Using SPSS and data from the 1992 Health and Retirement Study, select respondents for your analysis who are currently working for pay. Hint: Click on Data $\rightarrow$ Select Cases $\rightarrow$ If condition is satisfied $\rightarrow$ If $\rightarrow$ and enter (by typing or clicking) "Work4pay $=2$ " in the empty box (top right) $\rightarrow$ Click Continue and verify that "unselected cases are filtered" (and not deleted) $\rightarrow$ Click on Paste and run the syntax from your syntax file or click on OK.
Using SPSS, the newly created variables, and the filter (from step 3), examine the relationships between income, sex, race, education, and experience. Specifically, run two multiple regression models in SPSS. In the first, regress income (the dependent variable) on sex and race (the independent variables). In the second, regress income (the-dependent variable) on sex, race, education, and experience (the independent variables). Be careful when specifying the models in SPSS - one of the four race dummy variables must be omitted or the models will not run. I would suggest omitting the white dummy variable.

Note - you can run the models in one or two steps. You should already know how to do it in two steps. To run the model in one step, enter the sex and race dummies as usual. Then click on the "Next" button and add education and experience. This will create two 'blocks' of variables and will allow you to perform a special type of $F$ test (see below-part h). If you choose this one-step option, be sure to select " $R$ squared change" in the Statistics box (this will generate the results for the special $F$ test).

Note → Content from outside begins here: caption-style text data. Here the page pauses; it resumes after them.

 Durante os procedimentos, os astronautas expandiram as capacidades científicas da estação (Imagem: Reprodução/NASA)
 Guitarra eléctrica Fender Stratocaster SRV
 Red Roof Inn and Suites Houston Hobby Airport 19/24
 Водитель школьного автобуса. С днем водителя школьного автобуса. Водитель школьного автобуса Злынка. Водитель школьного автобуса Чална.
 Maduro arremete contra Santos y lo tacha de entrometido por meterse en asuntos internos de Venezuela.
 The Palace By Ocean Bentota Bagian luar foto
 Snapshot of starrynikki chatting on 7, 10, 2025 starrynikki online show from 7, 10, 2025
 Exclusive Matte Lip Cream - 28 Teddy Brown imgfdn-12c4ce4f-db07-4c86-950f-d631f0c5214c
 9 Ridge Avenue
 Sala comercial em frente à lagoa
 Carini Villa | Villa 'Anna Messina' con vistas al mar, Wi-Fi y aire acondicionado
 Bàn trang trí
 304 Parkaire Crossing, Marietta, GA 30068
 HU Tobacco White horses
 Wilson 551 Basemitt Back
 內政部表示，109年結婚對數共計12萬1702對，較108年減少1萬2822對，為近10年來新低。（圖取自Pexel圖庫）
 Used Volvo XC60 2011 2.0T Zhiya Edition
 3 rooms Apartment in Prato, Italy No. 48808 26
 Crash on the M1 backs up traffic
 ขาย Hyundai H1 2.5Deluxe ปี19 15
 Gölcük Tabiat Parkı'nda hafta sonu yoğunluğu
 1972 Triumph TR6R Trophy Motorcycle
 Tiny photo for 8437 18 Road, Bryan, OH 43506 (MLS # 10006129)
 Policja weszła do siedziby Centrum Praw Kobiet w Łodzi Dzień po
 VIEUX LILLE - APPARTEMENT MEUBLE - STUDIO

Begin by interpreting the following statistics from the second model (including sex, race, education, and experience):

Bivariate correlations between all relevant variables (i.e., strength and direction, characterize the relationship, statistical significance). I would suggest creating a bivariate correlation matrix to aid your discussion (see the handout from Topic 6 for an example).
R-squared/adjusted r-squared (whichever is most appropriate).
The global $F$ test (#3 in the handout from Topic 9) in the ANOVA table (i.e., identify the null and research hypotheses, make and explain your decision, etc.).
The y-intercept (you do not need to test for significance from 0 ).
The slopes for all variables (i.e., direction, significance, characterize the relationship, statistical significance).
Use the standardized coefficients to identify the variable with the strongest effect.
After addressing a-f above, examine the output from the first model (including only sex and race). In particular, focus on the slope coefficients for the sex and race dummies. Address the following:
Interpret the slope coefficients for the sex and race dummy variables from the first model (i.e., direction, significance, characterize the relationship, statistical significance).
Conduct an $\mathrm{F}$ test (#2 in the handout from Topic 9) in order to compare the two models (i.e., identify the null and research hypotheses, make and explain your decision, etc.).
Respond to the following questions: how might your conclusions regarding the relationships between sex and income and race and income differ if you had ignored education and experience? Would you say that the relationships between sex and income and race and income are spurious?